(Saved data entries)

■ ■ ■ ■ ■ ■ ■

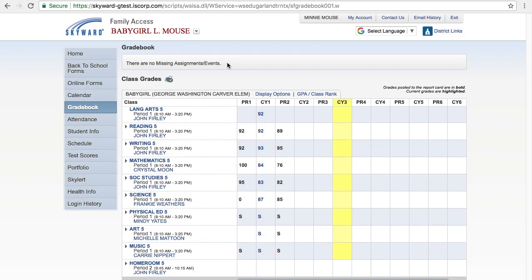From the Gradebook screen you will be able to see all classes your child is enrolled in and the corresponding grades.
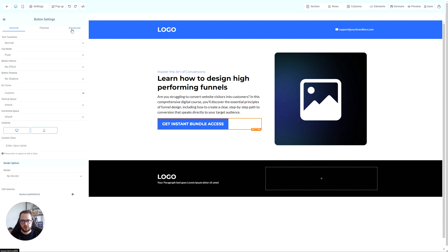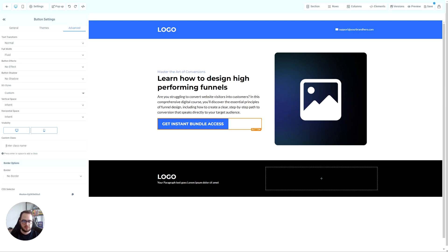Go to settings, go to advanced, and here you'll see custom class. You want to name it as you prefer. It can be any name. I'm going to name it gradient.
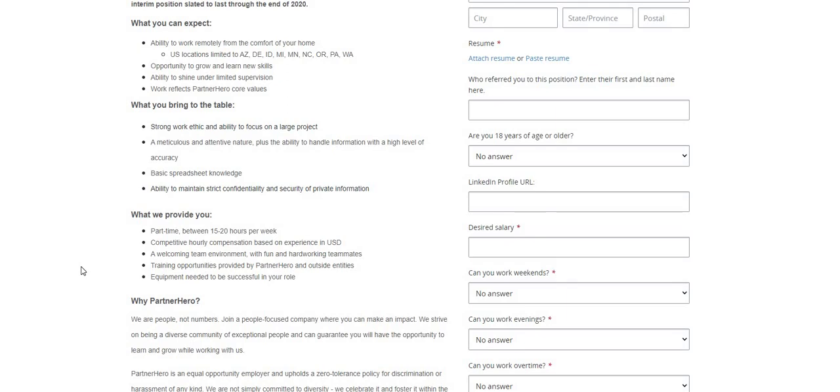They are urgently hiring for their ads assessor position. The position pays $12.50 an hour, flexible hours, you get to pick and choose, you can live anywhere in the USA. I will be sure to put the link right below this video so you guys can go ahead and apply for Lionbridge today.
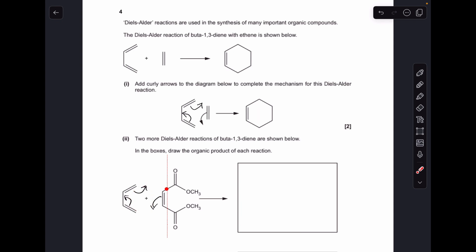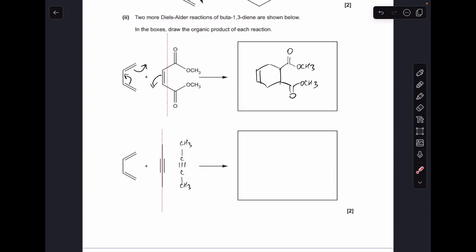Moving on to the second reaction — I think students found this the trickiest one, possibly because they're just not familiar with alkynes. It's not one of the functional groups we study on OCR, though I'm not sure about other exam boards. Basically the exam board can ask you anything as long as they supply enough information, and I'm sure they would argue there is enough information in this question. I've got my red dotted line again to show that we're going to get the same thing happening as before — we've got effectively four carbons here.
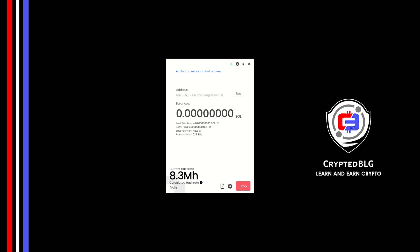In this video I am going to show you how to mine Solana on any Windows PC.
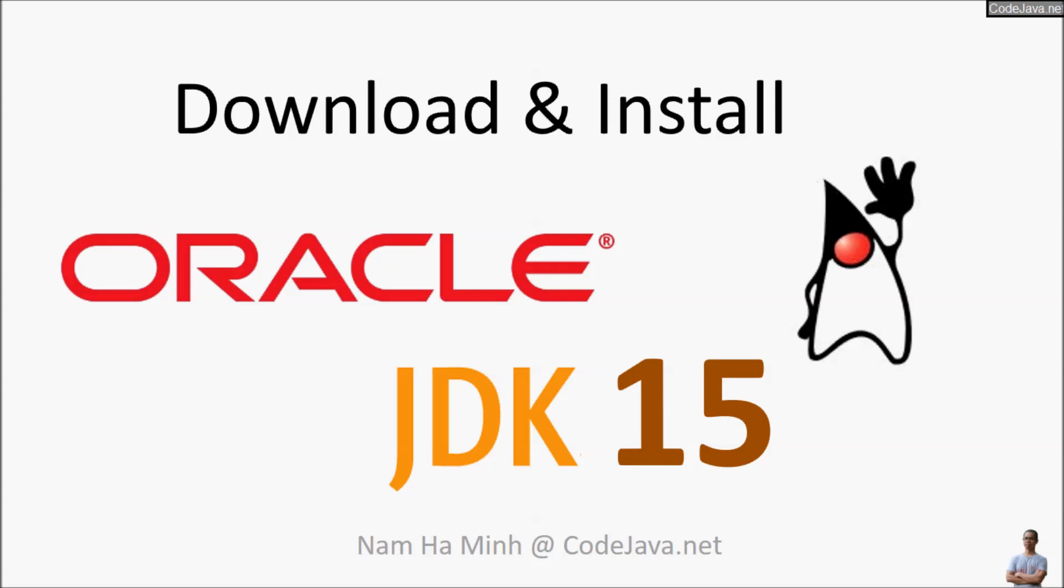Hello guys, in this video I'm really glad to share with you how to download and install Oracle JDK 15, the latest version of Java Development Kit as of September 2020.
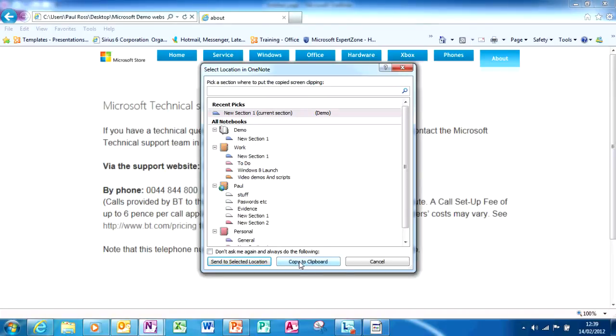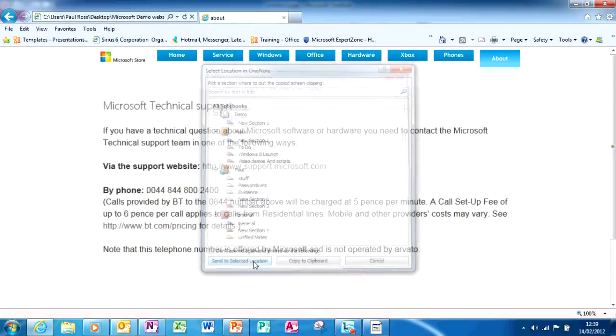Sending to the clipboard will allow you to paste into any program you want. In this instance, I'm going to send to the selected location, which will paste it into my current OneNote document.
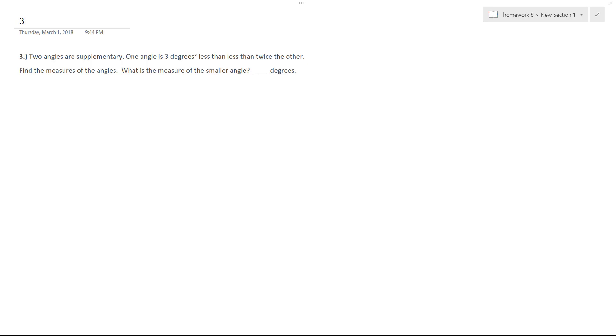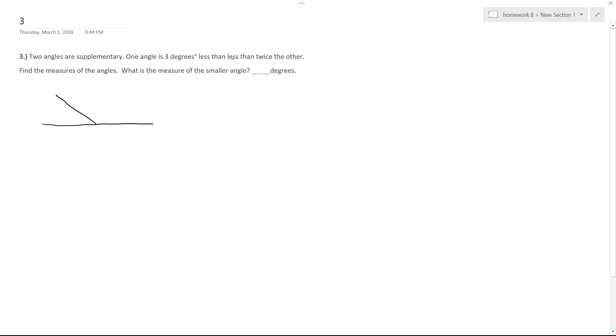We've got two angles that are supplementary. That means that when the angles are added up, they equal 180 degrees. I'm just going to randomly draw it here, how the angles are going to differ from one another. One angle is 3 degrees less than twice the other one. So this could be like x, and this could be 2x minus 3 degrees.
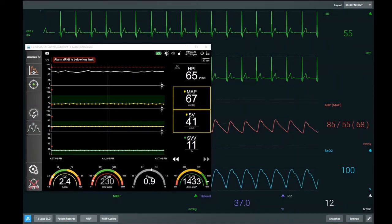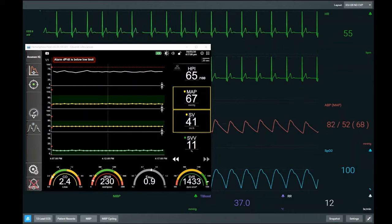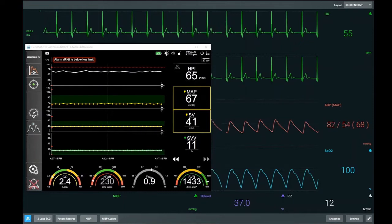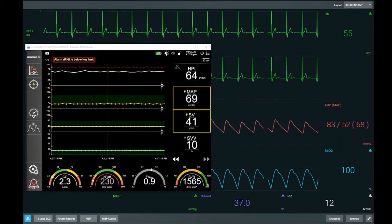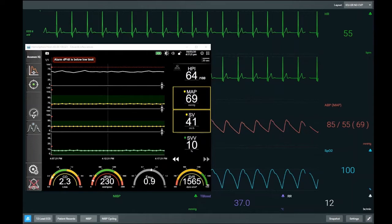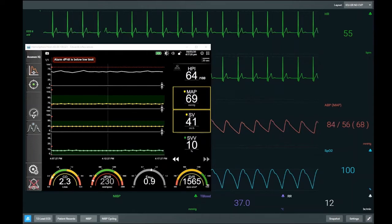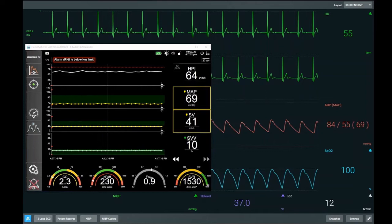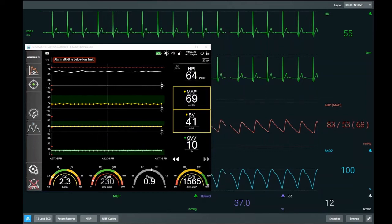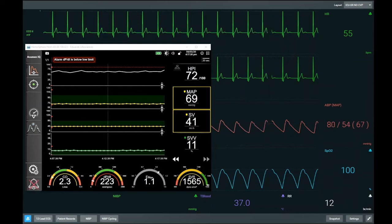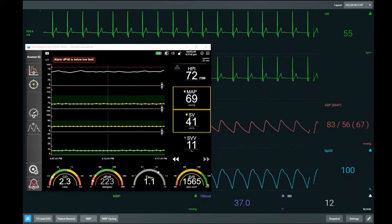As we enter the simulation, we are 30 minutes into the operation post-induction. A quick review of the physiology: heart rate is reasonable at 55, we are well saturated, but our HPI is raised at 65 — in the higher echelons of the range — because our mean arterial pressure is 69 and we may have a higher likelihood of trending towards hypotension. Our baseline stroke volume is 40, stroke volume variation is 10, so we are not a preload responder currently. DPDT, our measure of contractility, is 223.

■ ■ ■ ■ ■ ■ ■

▸ **Problem to solve**
Transcribe all of the entries word for word, but skip any pictures they contain.

▸ **Solution for this exercise**
From the Gradebook screen you will be able to see all classes your child is enrolled in and the corresponding grades.
Go to settings, go to advanced, and here you'll see custom class. You want to name it as you prefer. It can be any name. I'm going to name it gradient.
They are urgently hiring for their ads assessor position. The position pays $12.50 an hour, flexible hours, you get to pick and choose, you can live anywhere in the USA. I will be sure to put the link right below this video so you guys can go ahead and apply for Lionbridge today.
Moving on to the second reaction — I think students found this the trickiest one, possibly because they're just not familiar with alkynes. It's not one of the functional groups we study on OCR, though I'm not sure about other exam boards. Basically the exam board can ask you anything as long as they supply enough information, and I'm sure they would argue there is enough information in this question. I've got my red dotted line again to show that we're going to get the same thing happening as before — we've got effectively four carbons here.
In this video I am going to show you how to mine Solana on any Windows PC.
Hello guys, in this video I'm really glad to share with you how to download and install Oracle JDK 15, the latest version of Java Development Kit as of September 2020.
Sending to the clipboard will allow you to paste into any program you want. In this instance, I'm going to send to the selected location, which will paste it into my current OneNote document.
We've got two angles that are supplementary. That means that when the angles are added up, they equal 180 degrees. I'm just going to randomly draw it here, how the angles are going to differ from one another. One angle is 3 degrees less than twice the other one. So this could be like x, and this could be 2x minus 3 degrees.
As we enter the simulation, we are 30 minutes into the operation post-induction. A quick review of the physiology: heart rate is reasonable at 55, we are well saturated, but our HPI is raised at 65 — in the higher echelons of the range — because our mean arterial pressure is 69 and we may have a higher likelihood of trending towards hypotension. Our baseline stroke volume is 40, stroke volume variation is 10, so we are not a preload responder currently. DPDT, our measure of contractility, is 223.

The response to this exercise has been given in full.